[Records drawn from a dataset]
Content starts
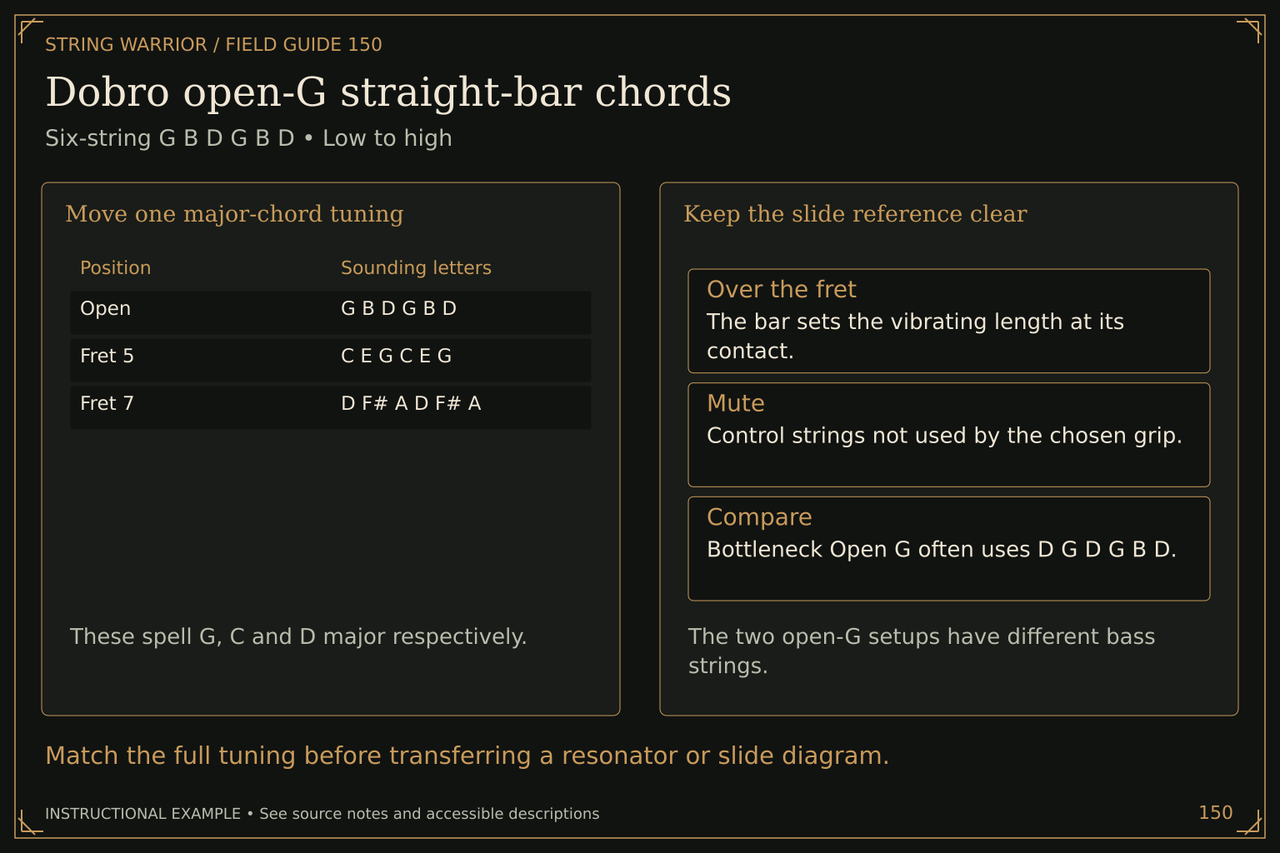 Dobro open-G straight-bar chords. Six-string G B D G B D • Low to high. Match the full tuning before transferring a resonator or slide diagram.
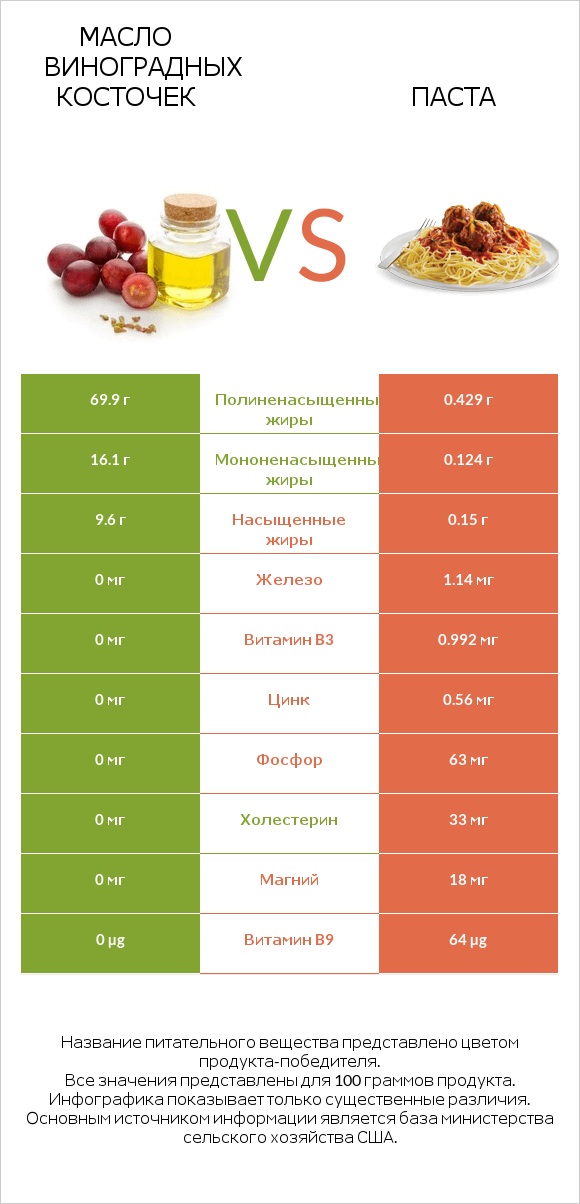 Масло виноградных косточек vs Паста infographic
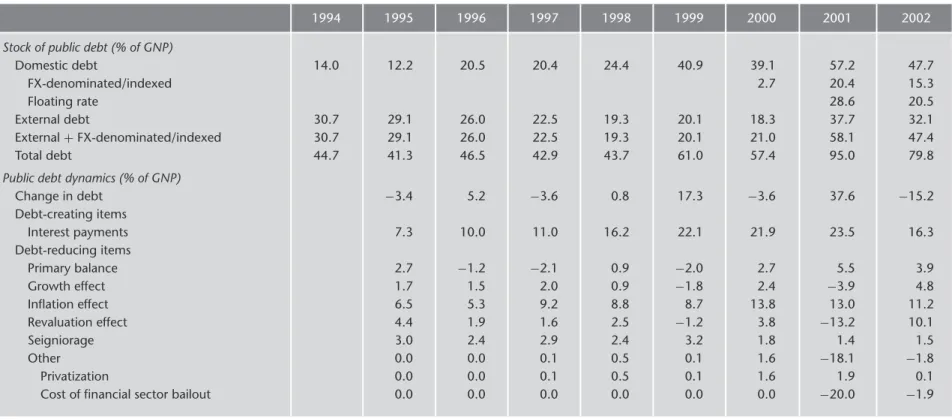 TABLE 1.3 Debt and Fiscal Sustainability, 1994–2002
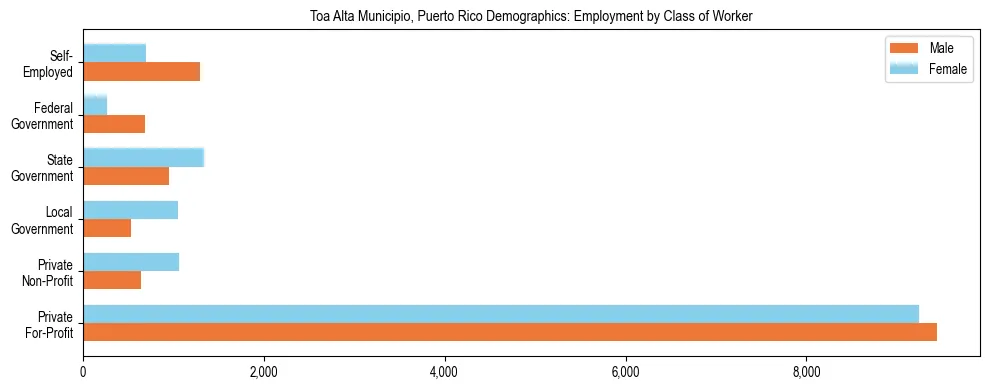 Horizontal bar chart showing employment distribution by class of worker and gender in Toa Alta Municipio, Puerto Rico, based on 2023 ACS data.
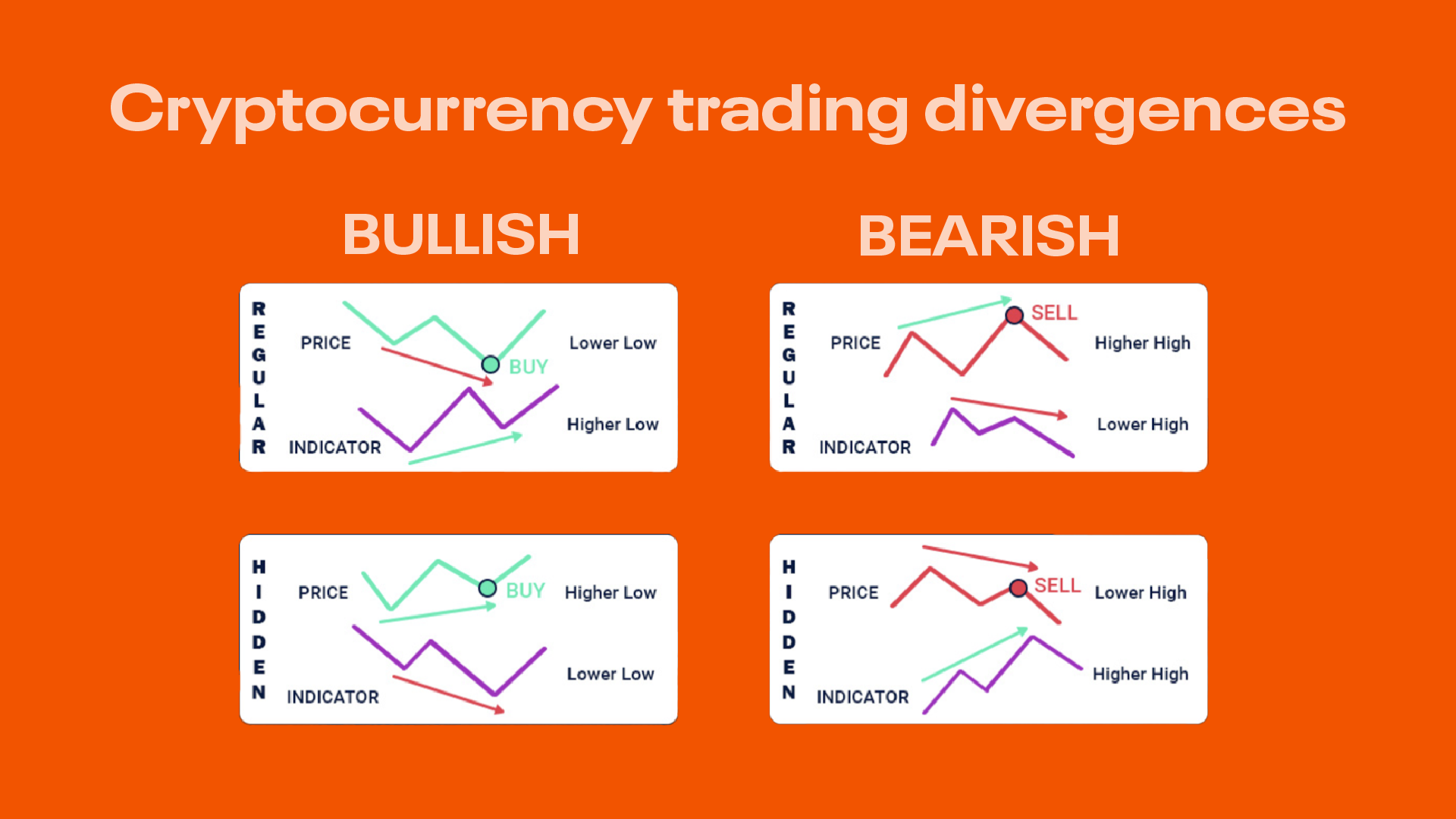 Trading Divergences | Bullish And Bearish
Content ends
(Task)
Please reproduce the records above exactly, leaving out every picture.

(The answer)
 Dobro open-G straight-bar chords. Six-string G B D G B D • Low to high. Match the full tuning before transferring a resonator or slide diagram.
 Масло виноградных косточек vs Паста infographic
 TABLE 1.3 Debt and Fiscal Sustainability, 1994–2002
 Horizontal bar chart showing employment distribution by class of worker and gender in Toa Alta Municipio, Puerto Rico, based on 2023 ACS data.
 Trading Divergences | Bullish And Bearish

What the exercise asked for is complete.